Maybe that's why she had plastic surgery, eh?
Schrenko's time in office once held great promise. Her victory as the first Republican and first woman elected statewide in Georgia was unprecedented. But her service was bumpy. A Republican majority now controls all branches of state government, but in 1994 Schrenko was in the minority party and at a state agency in which the Democrats were dug in deep.
It's a miracle she wasn't a spectacular failure; as such, her limited success is remarkable.
With her time in office over, that obscurity she wished for seemed to be on the way. But then some state officials -- including enemies she cultivated while in office -- urged the feds to examine more than half a million dollars in questionable expenditures from the final months of Schrenko's time in office.
What the feds say they found is that Schrenko and Temple, who was her deputy superintendent, transferred money out of federal funds, into her campaign for governor and into their pockets.
Obscurity? Forget it. A gaggle of TV cameras will follow Schrenko and Temple as they walk into federal court in Atlanta Monday to answer the charges.
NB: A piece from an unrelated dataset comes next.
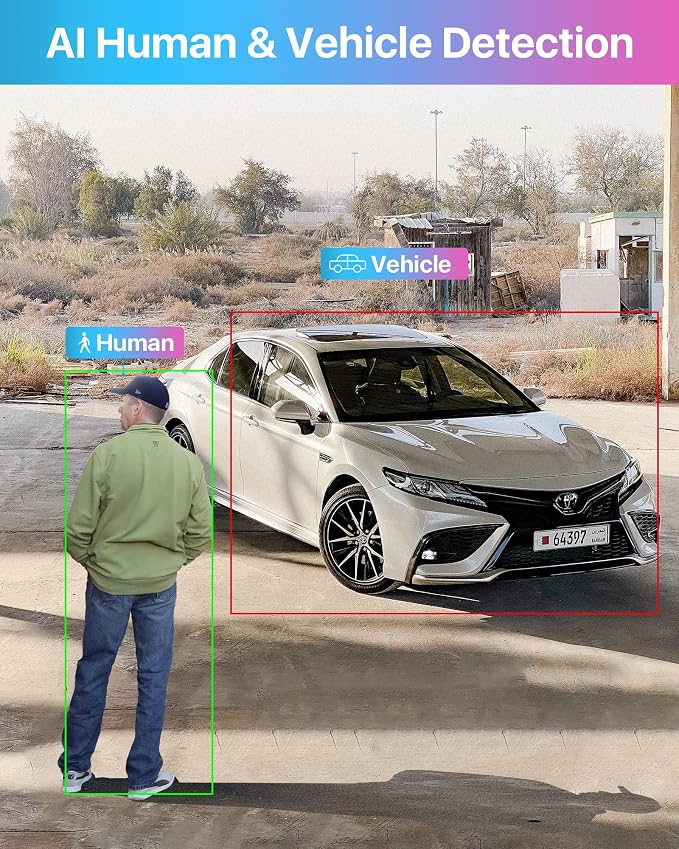 ZOSI 1080P Home Security Camera System - Image 2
The rest of us can't escape the glare, either: the same feds in whom we have invested so much confidence in the 142-count indictment of Charles Walker, a politician we love to hate, are nailing shut a case against Linda Schrenko, whom we suddenly hate to love.
Since those indictments came out, friends of Schrenko have been distancing themselves from her. And I'm eating crow. A year ago, I took WRDW-TV 12 anchor Laurie Ott to task for a sensationalistic series questioning what she called Schrenko's "spending spree." Schrenko had been fined by the ethics commission, I wrote; she lost her race, she's having financial problems, her health is terrible. Just leave her alone, I said.
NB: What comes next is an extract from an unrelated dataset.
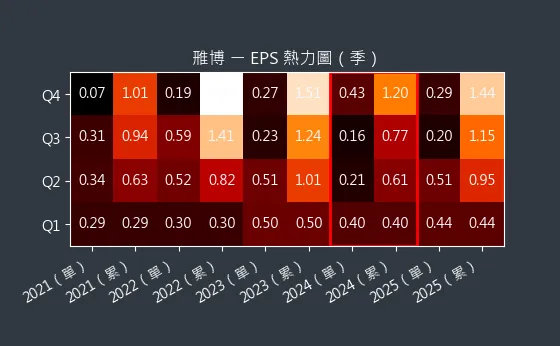 4106 雃博 EPS 熱力圖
While not quite geared for TV sweeps, Morris News Service had reported the same questions. The federal indictments, though not a conviction, now suggest there was a lot more to these questions than just smoke -- there's fire, too.
So, while Schrenko's friends are treating her like a political hot potato, I'm left feeling burned for defending her a year ago.
The only one who will defend her now is the attorney paid to do so. Her friends won't; nor will I.